Certainly not all private eye fiction (consider Race Williams, Mike Hammer or any of Cleve F. Adams’ semi-fascist Irish dicks) could be considered left-leaning (or even moderate), but a case can certainly be made that Dashiell Hammett, who would later be imprisoned for his political views, was no fan of the status quo. In the intro to Red-Handed, an anthology of “radical crime (short) stories,” editor Jon E. Lewis states that a “central concern of Hammett’s works…is the civic corruption which grew up in the wake of Prohibition. As Hammett revealed, corruption had become all-pervasive… In such a world the only guarantor of justice was the shamus or private eye.”
It’s a notion that has certainly continued, from Hammett through Chandler and his ilk, through the compassionate eyes such as Lew Archer, Thomas B. Dewey’s Mac and Michael Collin’s Dan Fortune, with their concerns for young people, workers and the environment, and right into the present era, with the adventures of gay, black, female, hispanic or other “minority” eyes. Their mere existence is a boot right into the nuts of the status quo.

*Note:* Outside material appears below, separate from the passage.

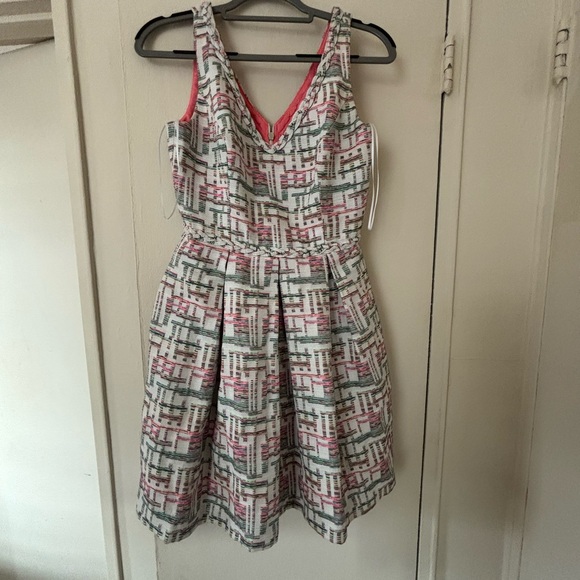 Trina Turk White and Pink Geometric Midi Dress - Picture 1 of 2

And part of a longer tradition. In Alan Wald’s Writing from the Left: New Essays on Radical Culture and Politics (1994) he suggests that when many writers potentially associated with the communist party or leftist politics in general, started to get blacklisted in the 1940s and ’50s, some of them may have resorted to writing for the pulps and other popular forms of fiction (like the burgeoning paperback market). Among those who leaned left and wrote crime fiction in this era were Robert Finnegan, William Rollins, Ed Lacy, Kenneth Fearing, William Lindsay Gresham, Margaret Larkin, Guy Endore, Abraham Polonsky. E.V. Cunningham (Howard Fast), Robert Terrall,  Robert Carse, Edwin Rolfe, Vera Caspery and Jim Thompson.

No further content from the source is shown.